We are interested in the biological mechanisms of action of novel physical methods, such as ultrashort electric fields and a UV laser microbeam. We employ a wide range of techniques in molecular biology as well as live cell imaging for the following studies;
- Intracellular signaling pathways activated by nanosecond pulsed electric fields
- Switching mechanism of two modes of cell death induced by nanosecond pulsed electric fields
- Live cell imaging of cellular responses to nanosecond pulsed electric fields
- Live cell imaging of DNA damage responses induced by pulsed laser microirradiation
1. Intracellular signaling pathways activated by nanosecond pulsed electric fields
Nanosecond pulsed electric fields (nsPEFs) are recently regarded as an effective means for cancer therapy, but the molecular mechanism of their biological actions remains to be fully understood. We have been working to analyze intracellular events induced by nsPEFs and demonstrated that nsPEFs activate multiple signaling pathways. First, we found that nsPEFs induce phosphorylation of multiple protein components in representative MAPK pathways (JNK, p38, and ERK pathways) in human cells. Expression of immediate early genes, such as c-fos, c-jun, and Egr1, are also induced as a consequence of the MAPK activation by nsPEFs. Second, AMPK pathway is activated by nsPEFs. Third, nsPEFs act as a novel form of cellular stress and elicit transient suppression of general protein synthesis. We are further working to obtain a comprehensive view of the nsPEF-induced intracellular signaling network in human cells.
2. Switching mechanism of two modes of cell death induced by nanosecond pulsed electric fields
Apoptosis is a major mode of programmed cell death and is known to be induced by intense nsPEFs. We revealed that necrosis is another mode of cell death caused by intense nsPEFs. Many cell lines undergo necrosis instead of apoptosis. Chemical modification of cellular proteins, namely poly(ADP-ribose) formation, is associated with necrotic cell death caused by nsPEFs. Furthermore, the presence of extracellular calcium is a critical determinant of the sensitivity to nsPEFs and the choice of cell death modes. These findings indicate that the cell death mechanism activated by nsPEFs is more complicated than previously assumed. We currently seek to understand the detailed mechanism for switching two modes of cell death induced by nsPEFs.

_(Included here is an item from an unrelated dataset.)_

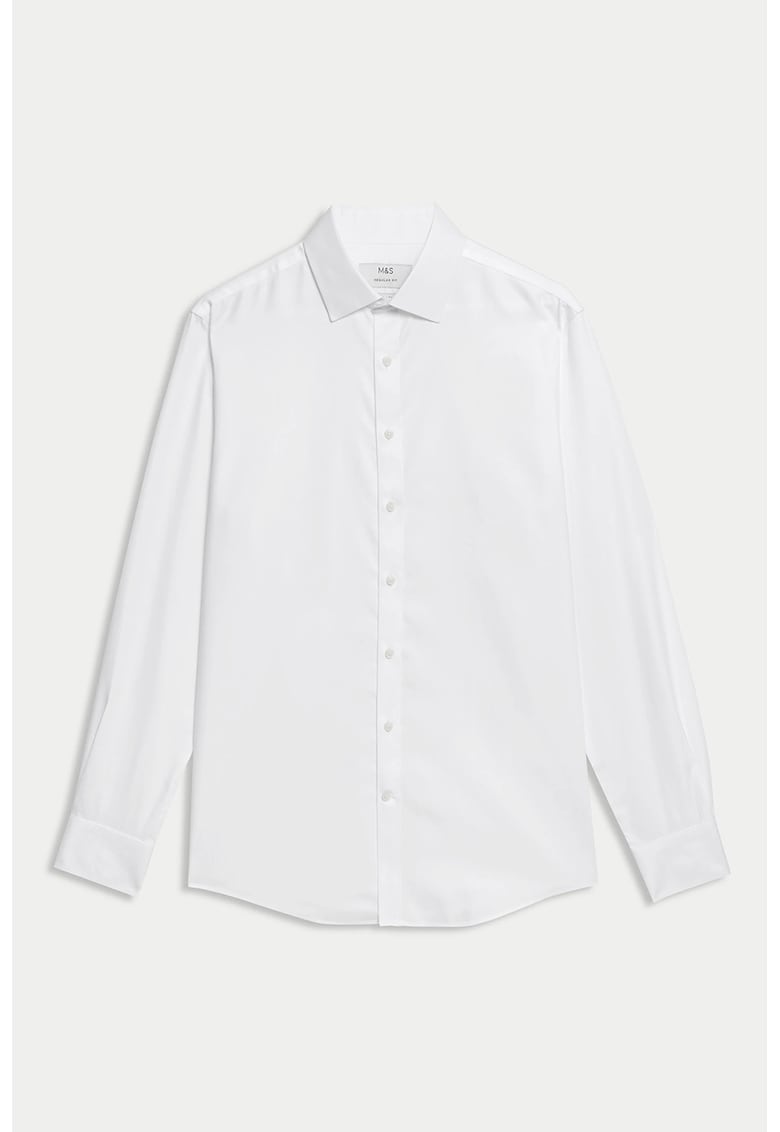 Памучна риза със стандартна кройка Marks  Spencer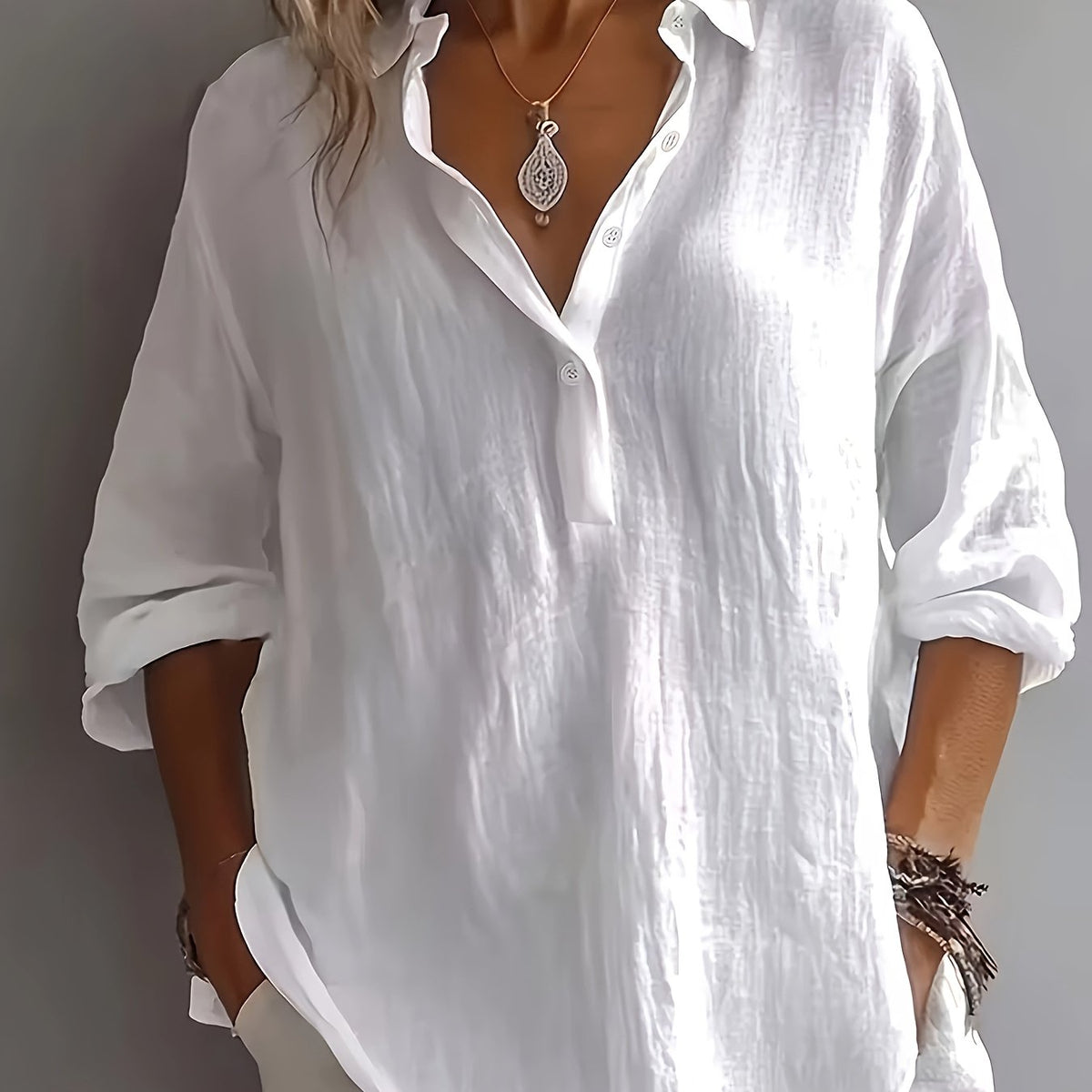 Naomi | Relaxed Collared Shirt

3. Live cell imaging of cellular responses to nanosecond pulsed electric fields
In our lab, a state-of-the-art system for real-time imaging of living cells is introduced. This system allows us to use powerful imaging techniques, such as FRET and FRAP analyses. We are working to visualize various intracellular responses to nsPEFs to obtaine novel mechanistic insights into the nsPEF action.
4. Live cell imaging of DNA damage responses induced by pulsed laser microirradiation
We have been working on the molecular mechanism of DNA damage responses in human cells. Our live imaging system is equipped with a generator of a UV laser microbeam and is able to irradiate a tightly defined area in a living cell. Using this system, DNA damage can be induced in a specific site in the nucleus at any time during microscopy, and dynamic behavior of nuclear proteins can be analyzed by time-lapse imaging and FRAP analysis. Using this powerful system, we are working to understand the functional roles of DNA repair factors and chromatin proteins in DNA damage responses.